# Demonstrating statsmodels Modin Interoperability
###  Currently statsmodels is not completely interoperable with Modin. All the examples in this section are taken/ adapted from https://www.statsmodels.org/devel/gettingstarted.html or https://www.statsmodels.org/stable/index.html

In [None]:
import statsmodels.api as sm
import pandas
import modin.pandas as pd
from patsy import dmatrices

#### Example with sm.OLS()

In [None]:
df = sm.datasets.get_rdataset("Guerry", "HistData").data
modin_df = pd.DataFrame(df)

In [None]:
vars = ['Department', 'Lottery', 'Literacy', 'Wealth', 'Region']

modin_df = modin_df[vars]

modin_df[-5:]

In [None]:
modin_df = modin_df.dropna()

modin_df[-5:]

In [None]:
y, X = dmatrices('Lottery ~ Literacy + Wealth + Region', data=modin_df, return_type='dataframe')

In [None]:
y = pd.DataFrame(y)
X = pd.DataFrame(X)

In [None]:
mod = sm.OLS(y, X)    # Describe model

In [None]:
res = mod.fit()       # Fit model

print(res.summary())

sm.ols() is not interoperable with Modin currently.

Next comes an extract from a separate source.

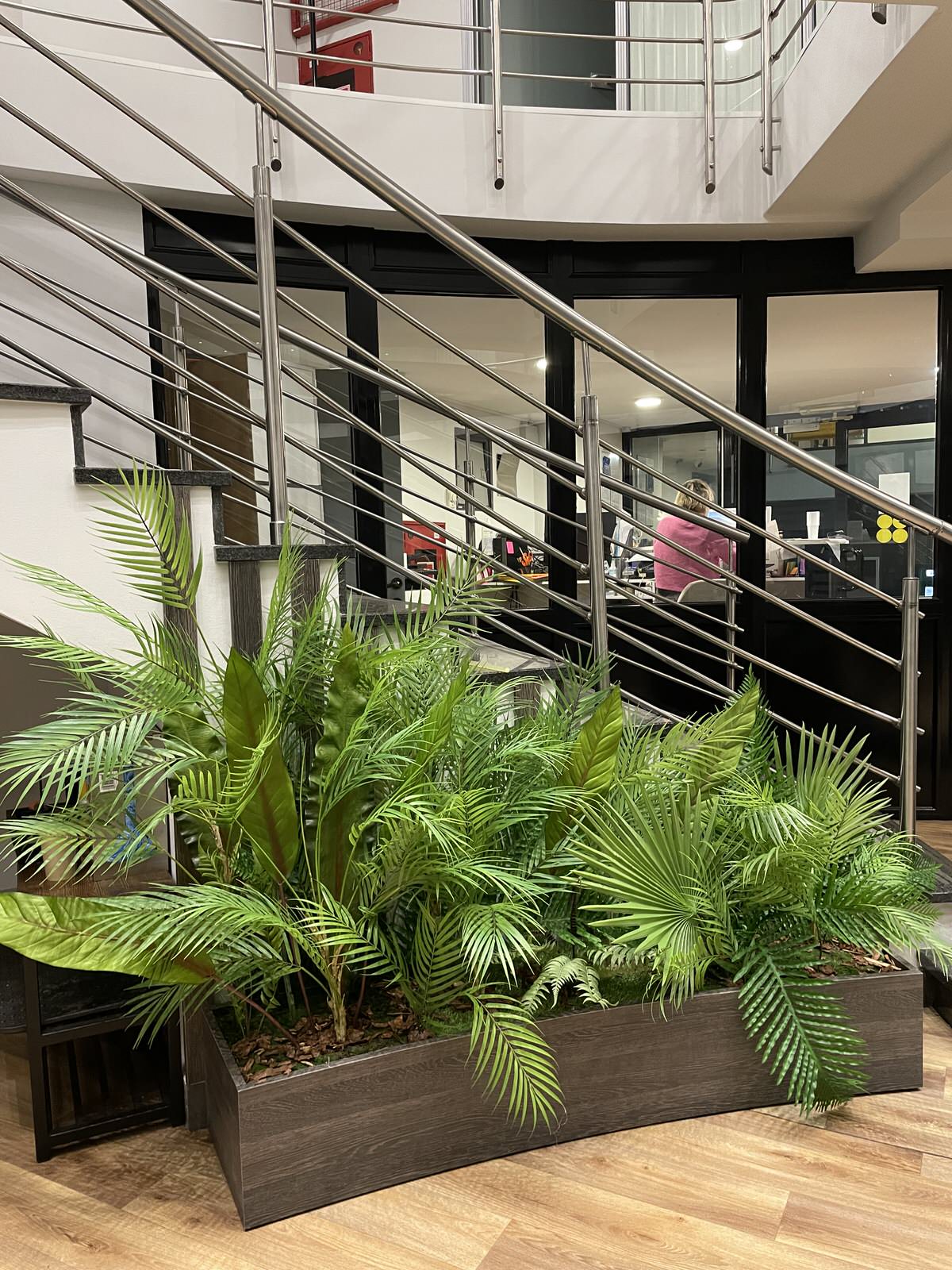 Чайка Плаза - внутреннее озеленение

#### Example with sm.ols(formula=)

In [None]:
modin_df = pd.DataFrame({"A": [10,20,30,40,50], "B": [20, 30, 10, 40, 50], "C": [32, 234, 23, 23, 42523]})

In [None]:
import statsmodels.formula.api as sm
result = sm.ols(formula="A ~ B + C", data=modin_df).fit()
print(result.params)

In [None]:
print(result.summary())

## Replicating statsmodels workflow with pandas

In [None]:
import statsmodels.api as sm

df = sm.datasets.get_rdataset("Guerry", "HistData").data
pandas_df = pandas.DataFrame(df)

In [None]:
vars = ['Department', 'Lottery', 'Literacy', 'Wealth', 'Region']

pandas_df = pandas_df[vars]

In [None]:
pandas_df = pandas_df.dropna()

In [None]:
y, X = dmatrices('Lottery ~ Literacy + Wealth + Region', data=df, return_type='dataframe')

In [None]:
y = pandas.DataFrame(y)
X = pandas.DataFrame(X)

In [None]:
mod = sm.OLS(y, X)    # Describe model

In [None]:
res = mod.fit()       # Fit model

print(res.summary())

#### Example with sm.ols(formula=)

In [None]:
pandas_df = pd.DataFrame({"A": [10,20,30,40,50], "B": [20, 30, 10, 40, 50], "C": [32, 234, 23, 23, 42523]})

In [None]:
import statsmodels.formula.api as sm
result = sm.ols(formula="A ~ B + C", data=pandas_df).fit()
print(result.params)

In [None]:
print(result.summary())